17. Is that loan capable for falling within the requirements of paragraph (7) of Appendix C, paragraph 1(d)? Can it be said that it is part of an Academic or Educational Loan Scheme? Mr Gilbert's position is that that phrase is wholly vague and that all that is required is that it is for educational purposes; in fact, in his submissions to us he specifically rejected any sui genesis process of interpretation of those words and said instead that paragraph (7) as a whole meant no more than that "the loan is for educational purposes" and that the reference "Government or Regional Government and Government Sponsored Student Loan Companies" were in other words mere surplusage.
18. We cannot accept that. It seems to us that the following considerations need to be applied to the interpretation of paragraph (7). The first is that all the possibilities other than the last do have some reference to government sponsoring, the National Government, the State or Regional Government or a Government Sponsored Student Loan Company. That suggests to us that an Academic or Educational Loan Scheme has to have a flavour of some sort of government involvement or at least official involvement of some sort. Secondly, the last word of the paragraph, "scheme", is, in our judgment, of importance. To our mind, an "Academic or Educational Loan Scheme" says something more than would be expressed by the words "an Academic or Educational Loan". An Academic or Educational Loan Scheme must, in our judgment, be a process which takes account, not merely of there being individual loans but to an extent, the relationship between them: there will be a sum of money, actual or notional which will be available for these purposes and will be distributed in such a way as to be advantageous to students in comparison with ordinary commercial loans, presumably by low interest rates and long repayment periods, underwritten by government or otherwise. But the crucial part, so far as we are concerned, is that a scheme looks at more than one loan.
19. All that the appellant has been able to show is that Prime Bank Limited had a system of arrangements for Educational Loans which did not incorporate his loan and that he has a loan from the Prime Bank which is said to be for educational purposes. That, as it seems to us, does not show that his loan is part of an Academic or Educational Loan Scheme. It follows that on the true construction of the actual words of sub-paragraph (7) the decision of the Secretary of State was the correct one. This appeal, therefore, falls to be dismissed and we dismiss it.
20. We add two further matters. The first is that if we had been minded to allow this appeal (that is to say if, contrary to what we have said, the loan fell within the requirements of paragraph (7)), this would have been a case where although the appeal would have been allowed for failure to comply with the immigration rules, it would have been quite inappropriate to direct a grant of leave to the appellant. First, he is, as we understand it, in no position to say that he is ready to commence studies. He could not have student leave because he has no current CAS. Mr Gilbert suggested that he should be granted a short period of leave in order to make enquiries, but it appears that in the time available to the appellant (and even bearing in mind what we have said about the difficulties that he has with his health), no such enquiries have been made so far and we would not have been willing to make a direction in those terms.
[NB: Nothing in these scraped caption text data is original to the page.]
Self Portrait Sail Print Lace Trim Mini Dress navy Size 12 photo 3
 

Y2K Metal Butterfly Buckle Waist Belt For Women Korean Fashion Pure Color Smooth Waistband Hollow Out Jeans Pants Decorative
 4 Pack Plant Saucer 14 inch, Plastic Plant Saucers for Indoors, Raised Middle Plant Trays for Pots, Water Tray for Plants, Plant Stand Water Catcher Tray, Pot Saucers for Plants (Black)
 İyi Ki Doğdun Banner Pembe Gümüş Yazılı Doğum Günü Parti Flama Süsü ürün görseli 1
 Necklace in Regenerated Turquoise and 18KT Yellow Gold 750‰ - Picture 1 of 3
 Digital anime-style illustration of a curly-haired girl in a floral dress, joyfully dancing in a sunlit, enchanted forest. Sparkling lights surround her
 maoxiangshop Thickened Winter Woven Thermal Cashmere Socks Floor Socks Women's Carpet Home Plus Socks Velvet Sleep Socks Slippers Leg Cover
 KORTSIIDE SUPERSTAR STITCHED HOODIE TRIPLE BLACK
21. The second is that the appellant was advised by BPP University in January 2016 that the way forward for him might well be to make a proper application on the basis of his private life and his health, and if the health matters which we have made reference and which are the subject of evidence before us are what they appear to be, we trust that those advising him will not cause any further delay in the appropriate application being made.
22. For the reasons we have given, having set aside the judge's determination for error of law, we substitute a determination dismissing this appeal.